**ASSIGNMENT**
Pictures are to be left out, and only the lines from the one containing "Signs and Shapes" through the last line of the data are to be returned exactly.

**SOURCE RECORDS**
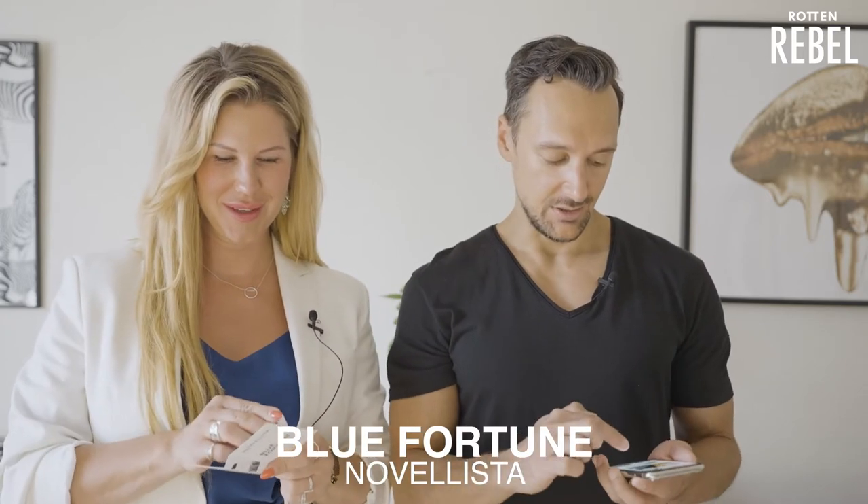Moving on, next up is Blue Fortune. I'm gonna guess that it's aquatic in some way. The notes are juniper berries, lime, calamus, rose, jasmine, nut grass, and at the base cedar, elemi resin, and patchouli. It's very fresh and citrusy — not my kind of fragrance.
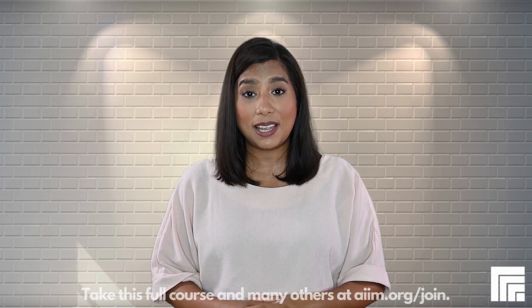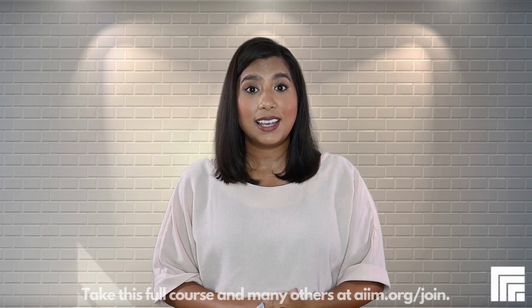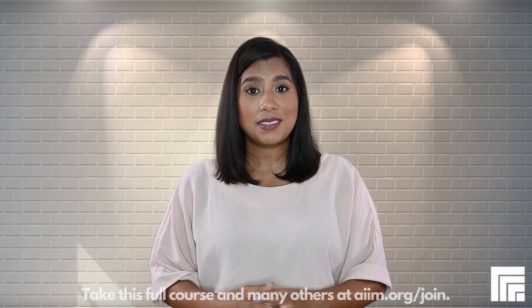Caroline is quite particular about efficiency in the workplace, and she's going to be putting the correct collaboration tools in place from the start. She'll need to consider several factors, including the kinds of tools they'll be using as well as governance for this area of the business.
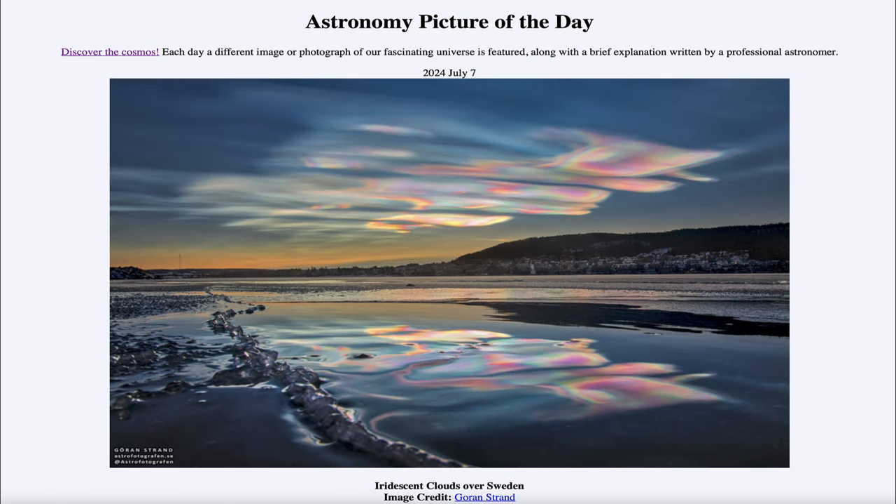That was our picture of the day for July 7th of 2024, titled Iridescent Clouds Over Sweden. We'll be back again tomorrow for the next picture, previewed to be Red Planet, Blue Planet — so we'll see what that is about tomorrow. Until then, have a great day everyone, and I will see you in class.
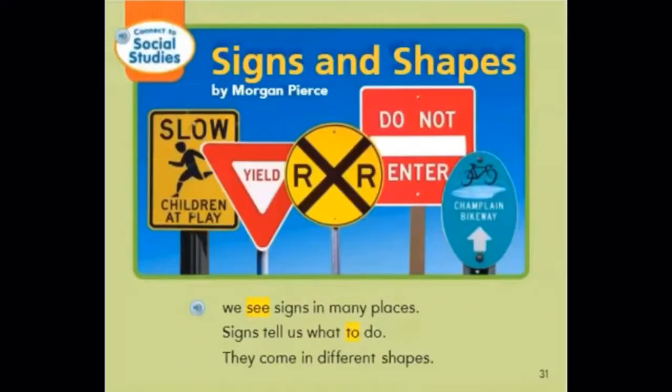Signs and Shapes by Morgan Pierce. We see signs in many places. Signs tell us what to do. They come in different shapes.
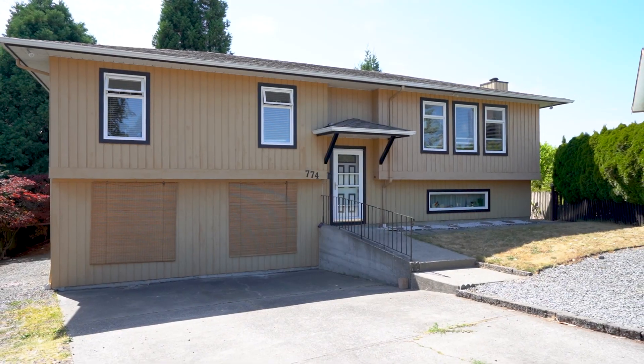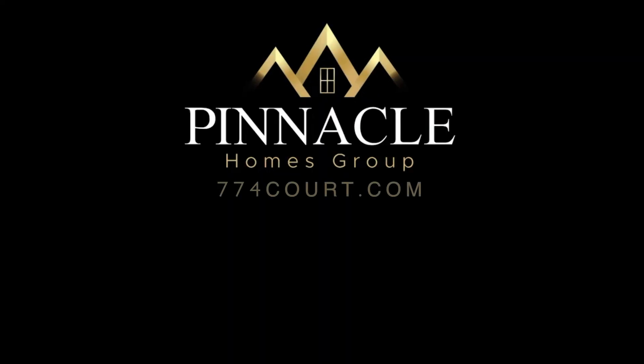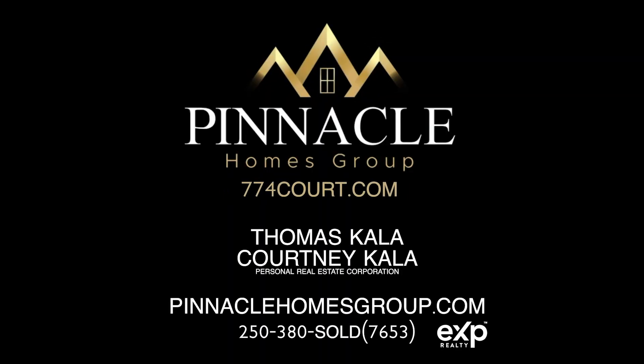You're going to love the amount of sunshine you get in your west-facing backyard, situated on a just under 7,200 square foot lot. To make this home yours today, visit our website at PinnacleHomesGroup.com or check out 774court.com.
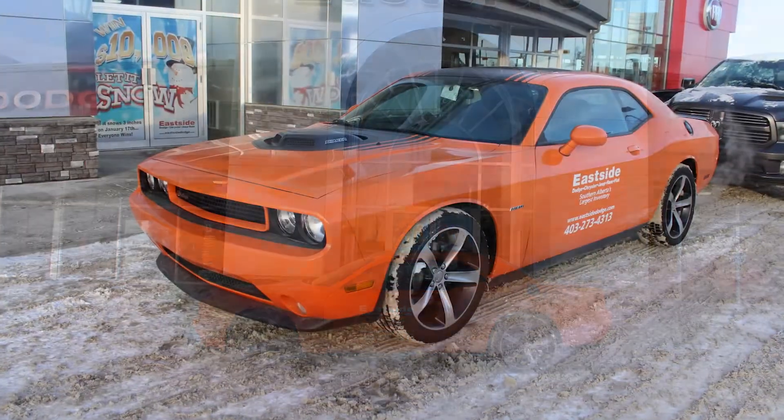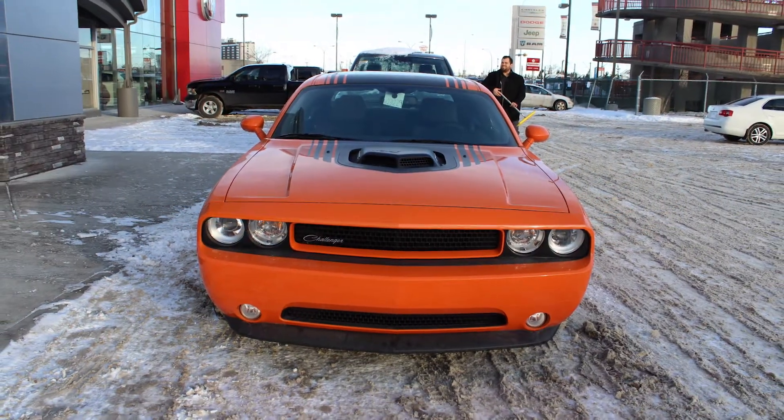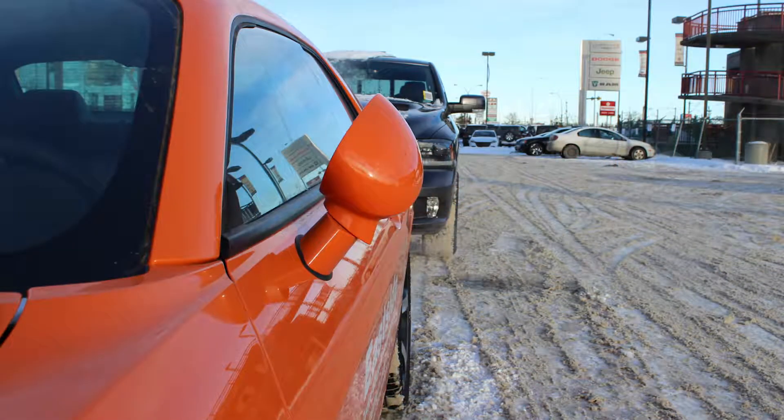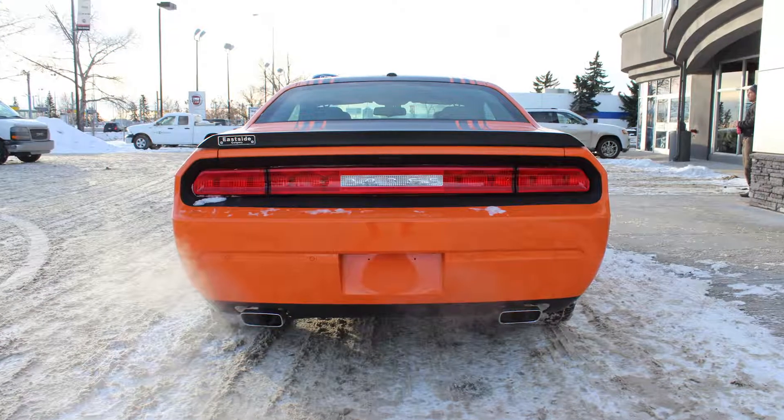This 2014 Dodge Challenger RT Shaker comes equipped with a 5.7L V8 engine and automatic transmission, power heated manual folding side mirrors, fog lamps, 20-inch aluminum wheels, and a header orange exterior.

**SOLUTION TO THIS TASK**
Signs and Shapes by Morgan Pierce. We see signs in many places. Signs tell us what to do. They come in different shapes.
You're going to love the amount of sunshine you get in your west-facing backyard, situated on a just under 7,200 square foot lot. To make this home yours today, visit our website at PinnacleHomesGroup.com or check out 774court.com.
This 2014 Dodge Challenger RT Shaker comes equipped with a 5.7L V8 engine and automatic transmission, power heated manual folding side mirrors, fog lamps, 20-inch aluminum wheels, and a header orange exterior.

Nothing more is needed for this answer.